Goal of the exercise →
Using the data below, return word for word every line from the one holding "Under the new" down to the one holding "That's basically it". Leave pictures out.
(Provided data Opens)
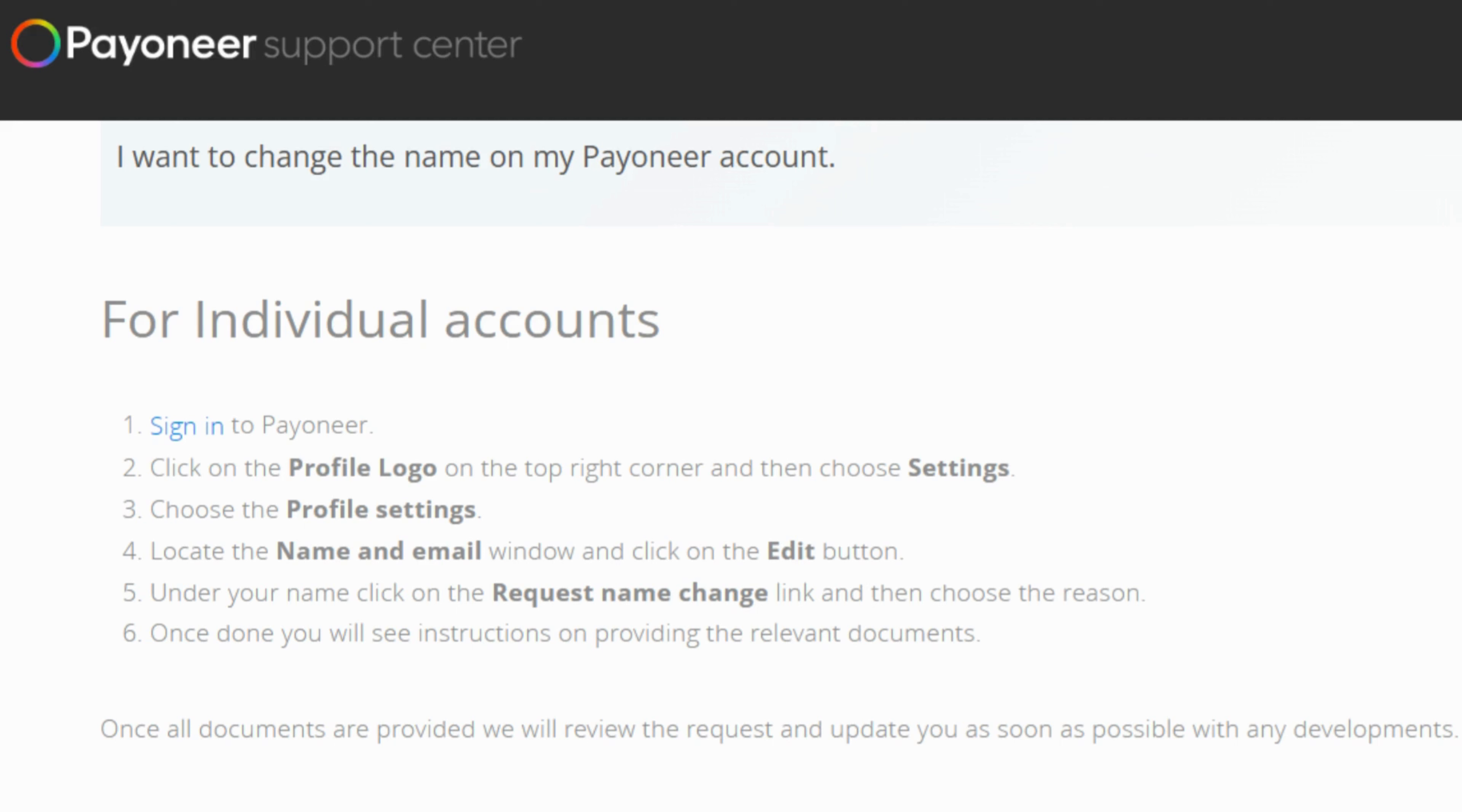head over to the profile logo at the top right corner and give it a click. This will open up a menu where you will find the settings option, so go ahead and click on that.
(Provided data Closes)
(Provided data Opens)
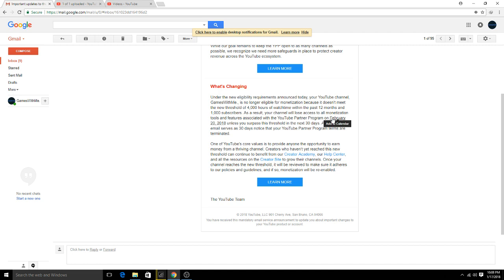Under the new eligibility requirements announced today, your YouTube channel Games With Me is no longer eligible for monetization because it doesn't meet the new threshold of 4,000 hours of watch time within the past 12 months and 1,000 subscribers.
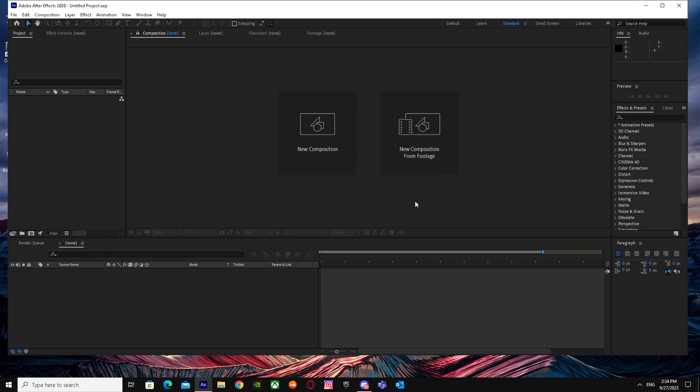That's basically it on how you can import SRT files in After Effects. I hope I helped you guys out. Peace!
(Provided data Closes)
Result of the task →
Under the new eligibility requirements announced today, your YouTube channel Games With Me is no longer eligible for monetization because it doesn't meet the new threshold of 4,000 hours of watch time within the past 12 months and 1,000 subscribers.
That's basically it on how you can import SRT files in After Effects. I hope I helped you guys out. Peace!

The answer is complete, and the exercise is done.